寺久保進一朗
昭和14年生まれ。17歳の時には18代目として、父親の後を継いで店に入るようになる。永く続いている伝統を守りつつ、時代の変化と共に、経営方法にも工夫を凝らし、現在では販売だけではなく、包丁研ぎ教室・料理教室なども行っており、有次を成長させている。

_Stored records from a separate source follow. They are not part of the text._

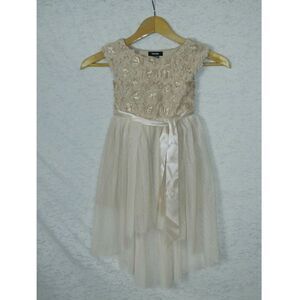 Zunie Cap Sleeve for Fully Lined Elastic Size 4‎
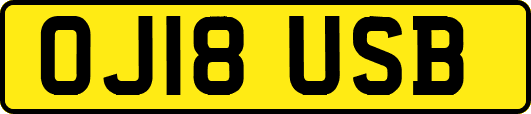 OJ18USB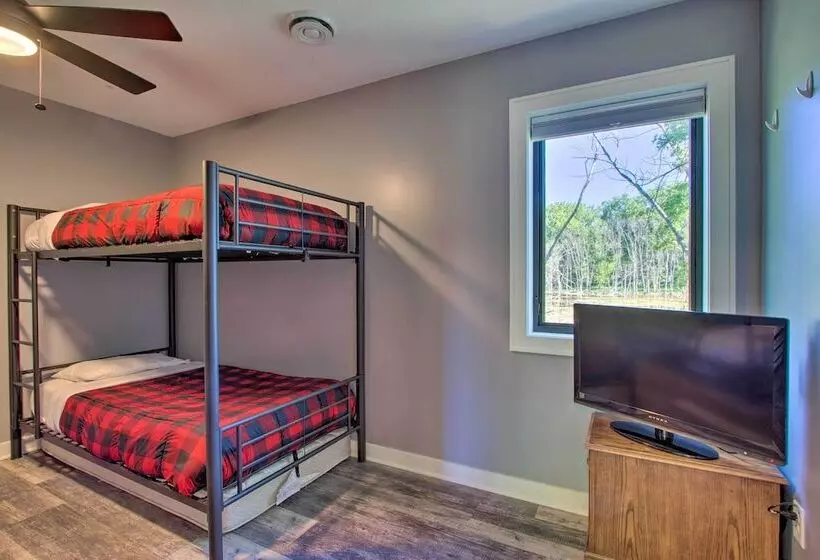 Modern Beachfront Oasis In Stockholm W/ Dock!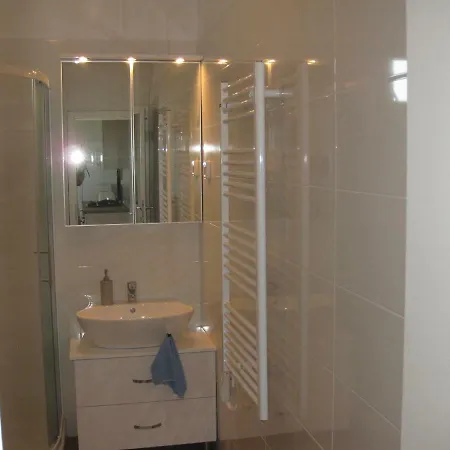 Apartment Bogdan Valbandon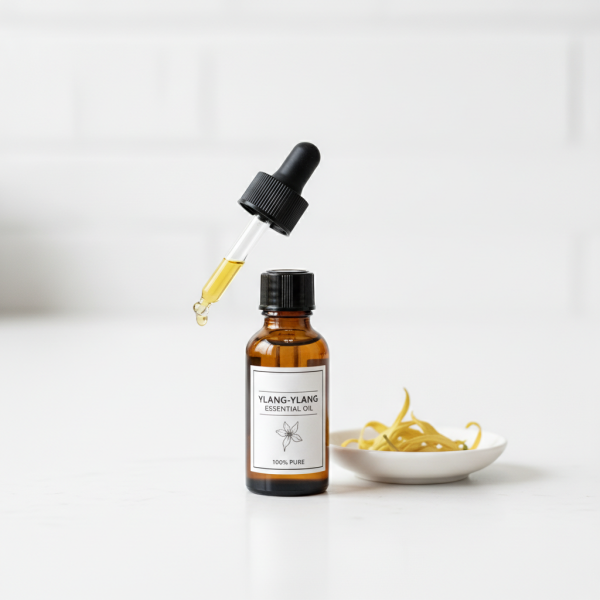Ylang-Ylang Essential Oil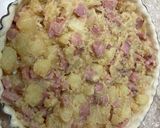 ベーコンポテトパイ作り方12写真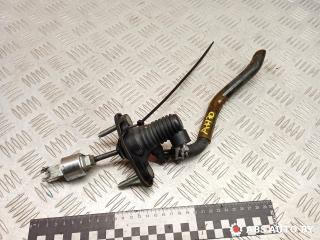 цилиндр сцепления главный Toyota RAV4 3 поколение (XA30) 2006, 2.2 л., дизель, МКПП, внедорожник 5 дв., 3142042051, 3142042050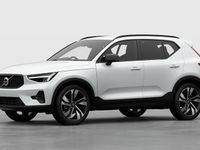 New Volvo XC40 Plus 163 HP (119 kW) 2026 SUV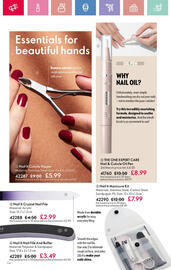 Oriflame leaflet Page 54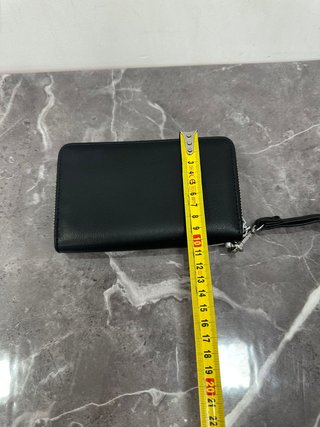 cartera de mano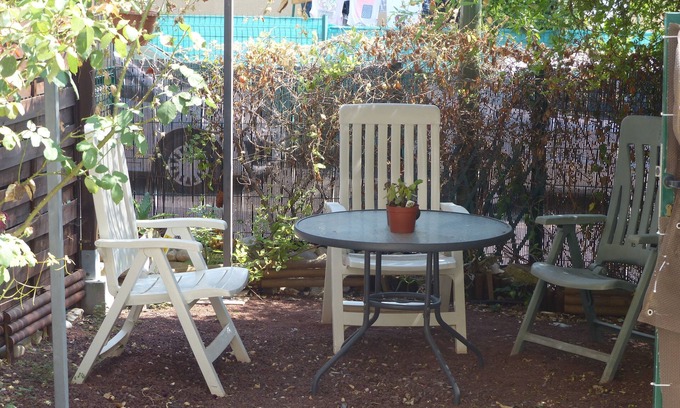 Saint-Andre-de-Sangonis House | House in quiet subdivision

  その刃物が良く切れるかどうかは、誰でも使ってみればわかります。切れ味が良い刃物というのは使いやすさに繋がります。その使いやすいものを長く使っていただくために、私たちは研ぎを大切にし、何十年も使っていただけるものを提供しているんです。
  2、3年経つとその庖丁の良さがわかります。そうすると離れられなくなるんですね。そして30年後にまた来てくれます。そして、その他にもその周りの人や次の世代の方などが足を運んでいただけるようになります。目の前の事だけを考えていては、このように長い間多くの方に使っていただける事はなかったと思います。

  私はいい物を長く使った方がいいと思いますし、いい物を安心して食べた方がいいと考えます。しかも、好きな人であったり、自分の子供であったり、敬う方であったり、愛する人のために自分で料理するのが一番だと思います。
  いい道具で食材を大事に使えば、無駄無く調理できます。ゴミの量が全然変わるんですよ。今は祖母、祖父と一緒に住んでいないから知恵が伝わっていないんですかねぇ。とにかく時間も含め、無駄が多いと思うんです。

  私の場合は、無駄の無い正しい生活をするために、五正の法(眼・排・食・心・姿)というのが、いつも心の中にあります。この5つの事をいかに正しく行えるかという事です。これは仕事の態度でも同じですね。例えば庖丁を研ぐ時に、庖丁に対しての感謝の気持ちを大切にしているかなどです。そういう姿勢で行っていれば、必ず物を大切にするようになります。


aritsugu1  いい料理人がいい道具を使ってるというのは、庖丁の場合はあんまり関係無いですね。ただ先輩になってくるといい格好したくなるから、いい物を買いにくるのは確かです。でも、いかにそれを使いこなすかが大切なんです。
  だから私の場合は新米には「まだこんな道具は早い。まずはこれで1年辛抱して、それでそこそこになってから、どの庖丁がいいか教えるから、また来なさい」と言ったりします。

  庖丁には研ぐという技術が付いてきます。これは簡単な事では無いんです。だから、まだ研ぐ技術が未熟なのに高い庖丁を使ってしまうと、早く減ってしまい、無駄にしてしまう事があるんです。
  庖丁を研ぐというのは感謝の思いで研ぎ、正しい姿勢で研ぐ。そうすると、この庖丁があなたの腕を上げてくれる事になるんです。

  我々の社員のレベルももっと向上させて、業界全体の意識を変えて、みんながお客様の将来ために親身になって考えて、お客様と接する事が出来るようにしたいですね。

 外国では刃物がダメになったら、庭の雑草を切る道具として使い、それもダメになったら捨ててしまいます。しかし我々は庖丁供養という儀式をして、火に焼べて、鉄くずにします。
 これは庖丁供養することで道具に感謝しているんです。これは日本の文化だけど、外国にも浸透すれば、もっと地球全体で物を大切にする事になり、道具を大事にするということは人も大事にする事に繋がると思うんです。